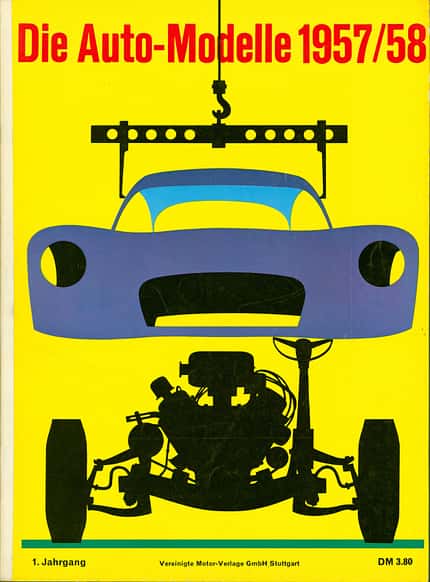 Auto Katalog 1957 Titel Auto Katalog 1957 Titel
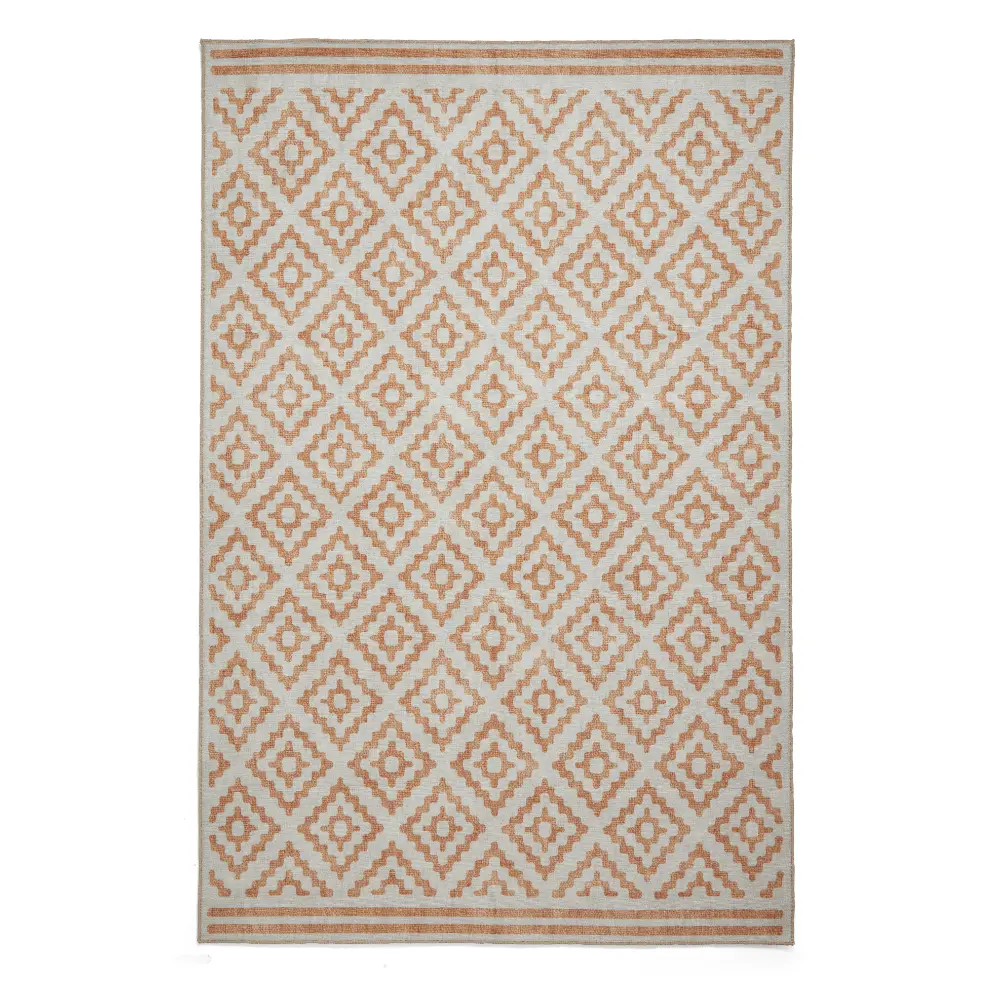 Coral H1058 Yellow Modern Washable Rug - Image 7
__________
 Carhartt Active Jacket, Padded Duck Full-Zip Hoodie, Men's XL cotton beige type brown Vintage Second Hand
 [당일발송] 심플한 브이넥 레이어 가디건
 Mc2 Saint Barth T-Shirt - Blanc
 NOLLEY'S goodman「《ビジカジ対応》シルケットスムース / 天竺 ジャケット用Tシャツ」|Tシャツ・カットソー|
__________
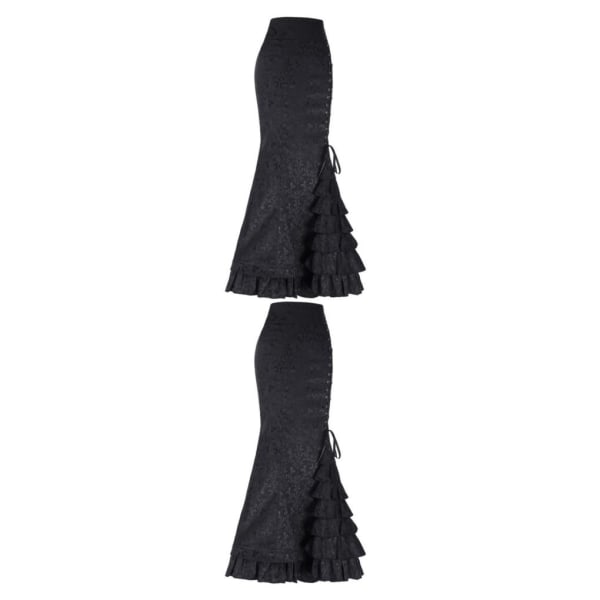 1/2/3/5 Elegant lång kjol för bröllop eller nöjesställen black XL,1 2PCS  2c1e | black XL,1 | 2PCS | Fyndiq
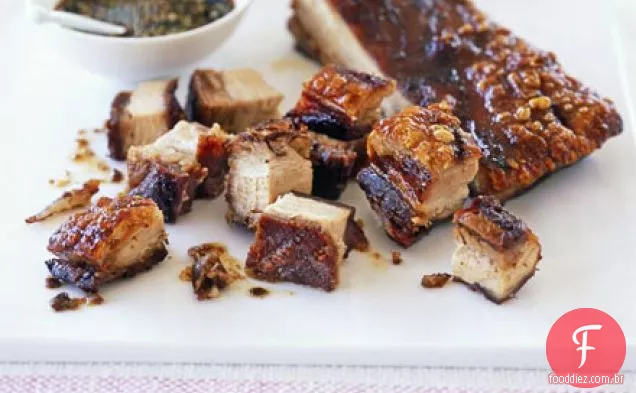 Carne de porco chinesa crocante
__________
Exercise aim: Your answer is the exact run of lines above from the one with "Auto Katalog 1957 Titel Auto" through the one with "Coral H1058 Yellow", both ends included, minus any picture.

Task solution:
 Auto Katalog 1957 Titel Auto Katalog 1957 Titel
 Coral H1058 Yellow Modern Washable Rug - Image 7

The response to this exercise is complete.